Audit & Accounting

  • I have always found regional accounting firms fascinating. Just take three recent developments regarding the regional firm of Virchow, Krause & Company. One was that Wells Fargo Insurance Services of Minnesota, a subsidiary of Wells Fargo & Company, acquired Virchow, Krause & Company's Twin Cities employee benefits operations, including the head of the employee benefits practice in Minneapolis and his team. It is a good example of how regional firms view these very specialized practice areas. The acquire them and spin them off reminding me of many businesses that view the acquisition and the selling of a portion of their business as a regular means for increasing profitability.

    July 2
  • The Public Company Accounting Oversight Board has faulted eight audits performed by global audit firm Grant Thornton, citing departures from generally accepted accounting principals as well as problems with evaluating financing costs and rental income. During the eight-month process, the PCAOB said it conducted the inspection at the firm's national office in Chicago as well as 13 of its field offices. As with all PCAOB inspection reports, the audit clients remained anonymous. However, in a letter to PCAOB director of inspections, George Diacont, Grant Thornton took umbrage to the board's use of descriptions such as "failed to identify" and "failed to perform" appearing in the reports.
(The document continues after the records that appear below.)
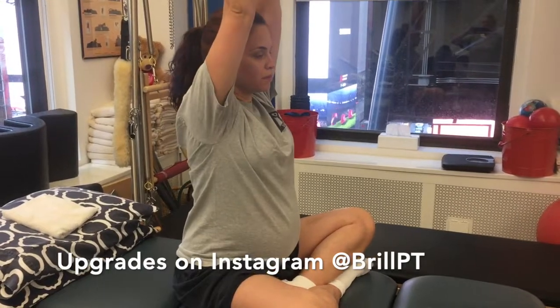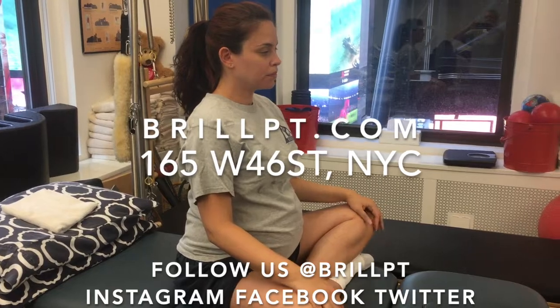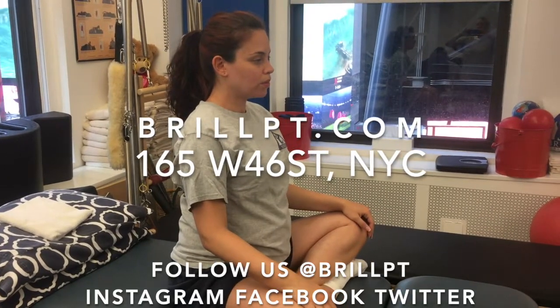And you can do it seated, you could do it standing, and then we could advance to doing it in quadruped on your hands and knees, where you're really lifting against gravity.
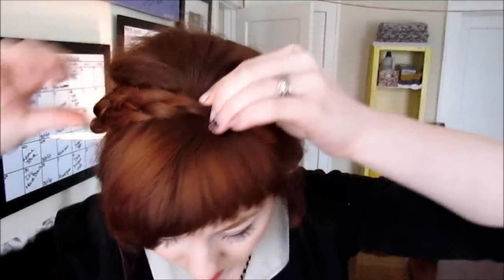I just secure them with two bobby pins while I'm braiding the other one. Then you're going to take two fingers and put them right at the base of the braid, wrap the braid around your head, and secure it in the middle and then at the top.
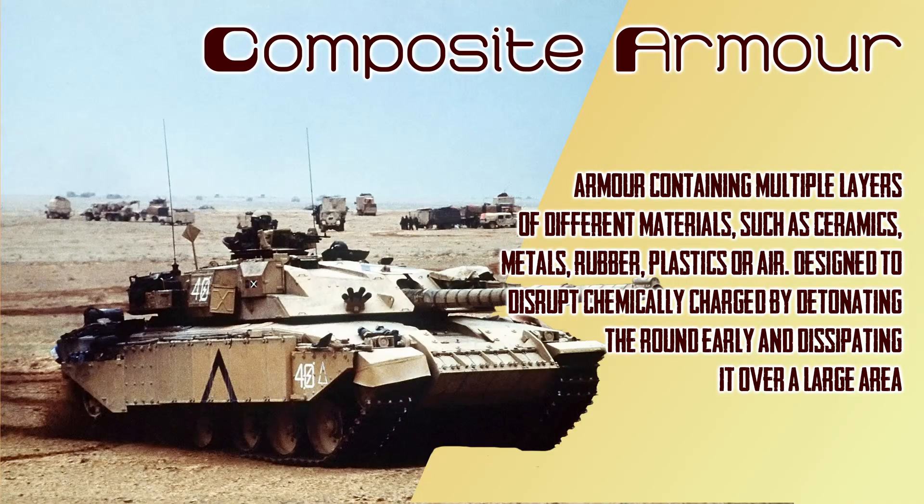Composites are another can of worms that can generally be used to stop HESH rounds, by using the multiple layers of materials inside the armor. A composite armor system contains a mix of materials such as other metals, rubber, plastics, air, sometimes quartz — even cans of worms. These are designed to disrupt chemically charged rounds such as high explosive anti-tank or high explosive squash head — HESH. By the same principle as spaced armor, it makes the round not touch the main armor of the tank. Composite armor generally adds more material between the two plates, so it will absorb the spall before it gets to the main armor, and also dissipate the energy of the shockwave.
It also stated that it has enhanced its training programs and developed additional guidance to address problems in previous inspection reports. Meanwhile, a Grant Thornton spokesperson said, "While we disagree with the some of the terminology used by the PCAOB and disagree with some of the conclusions that were reached, we support the PCAOB's mission to better protect investors through the reports. We think it is an excellent time for the PCAOB to develop recommendations culled from three years of major accounting firm inspections to establish the most effective approaches to auditing, with the investor being the ultimate beneficiary." Earlier this year the audit overseer released its inspection reports on Big Four firms Ernst & Young and Deloitte, both of whom were cited for audit deficiencies in eight of their clients' audits. The report can be viewed at: http://www.pcaobus.org/Inspections/Public_Reports/index.aspx.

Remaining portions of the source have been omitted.